Friday, August 21, 2009

AEP seeking stimulus money for pollution controls - Business First of Columbus:

AEP seeking stimulus money for pollution controls - Business First of Columbus:


American Electric Power Company Inc. will seek $334 million in federal stimulus funding to cover part of the cost of installing a carbon dioxide capture-and-storage system at its power plant in New Haven, W.Va., along the Ohio River.
The funding is from the U.S. Department of Energy’s clean-coal power initiative, the Columbus-based company said in a release Thursday.
AEP is calling the system, which involves capturing carbon dioxide emissions and injecting them underground, the first commercial-scale operation of its kind in the nation. The company said the $334 million would cover about half the estimated cost of installing the system at the coal-fired power plant.

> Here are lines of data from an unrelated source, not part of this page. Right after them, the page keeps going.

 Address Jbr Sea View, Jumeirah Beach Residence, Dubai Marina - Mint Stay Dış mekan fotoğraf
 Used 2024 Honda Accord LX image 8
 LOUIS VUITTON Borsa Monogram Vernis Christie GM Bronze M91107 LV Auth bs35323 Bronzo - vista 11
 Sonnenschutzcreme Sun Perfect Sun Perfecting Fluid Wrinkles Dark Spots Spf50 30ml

It will use a chilled ammonia process to capture at least 90 percent of the carbon dioxide from 235 megawatts of the plant’s 1,300 megawatts of electric capacity.
The captured carbon dioxide, approximately 1.5 million metric tons per year, will be treated and compressed, then injected into suitable geologic formations for permanent storage approximately 1.5 miles below the surface, AEP said.

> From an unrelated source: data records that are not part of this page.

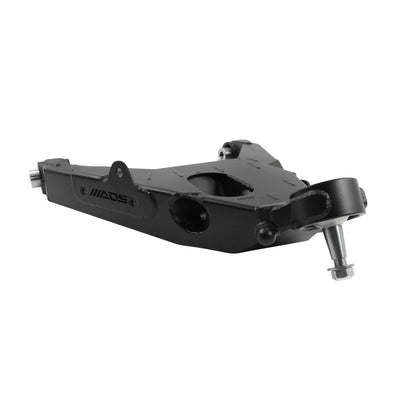 10-24 F150 RAPTOR FRNT LCA FABBED STOCK - ADS Chromoly Front Lower Control Arm Kit - Front Lower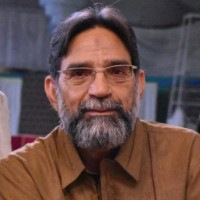 Arshad Kamal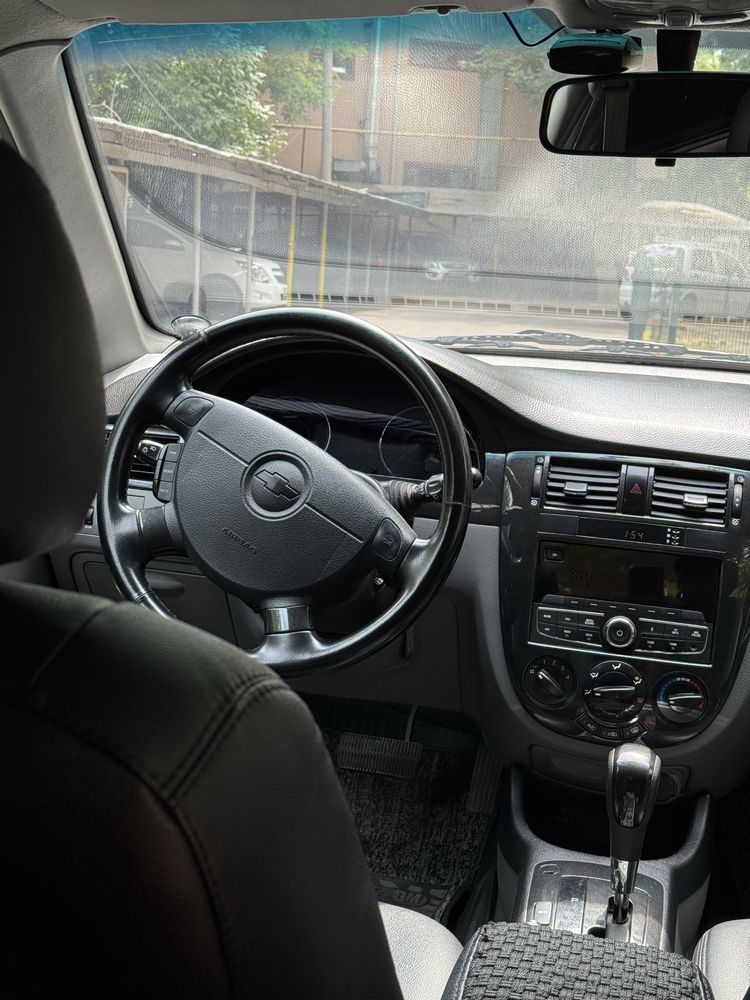 Chevrolet Gentra 2020!!!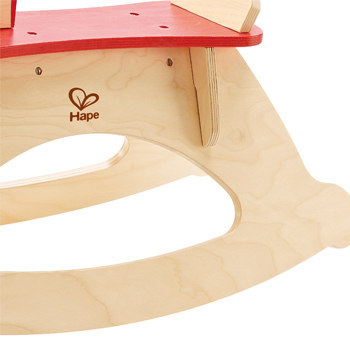 Hape: Rock and Ride Rocking Horse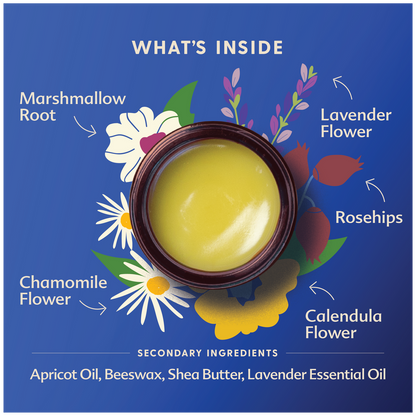 Motherlove Pregnant Belly Salve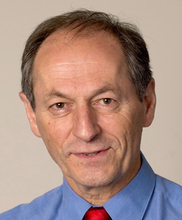 Sir Michael Marmot's picture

The system will begin commercial operation in 2015, according to the company’s application for funding.
“Commercialization of carbon capture and storage technology is an essential component in a successful climate strategy for this nation,” AEP CEO Michael Morris said in the release. “Coal is a low-cost, abundant domestic fuel source, but its use is a significant source of carbon dioxide emissions.”
AEP said it is forming a diverse technical advisory committee for the West Virginia project, including experts in the field of geologic carbon dioxide storage. This group will include Battelle, Lawrence Livermore National Laboratory, Massachusetts Institute of Technology, Ohio State University, West Virginia University, University of Texas, Ohio Geological Survey, Consol Energy and West Virginia Department of Commerce.
Schlumberger Ltd., an international company based in Paris, will work with AEP to design and deploy the carbon dioxide storage system at the Mountaineer plant. AEP also said it will begin operating a smaller-scale validation of the technology in September at Mountaineer. No federal funds are being used for that project.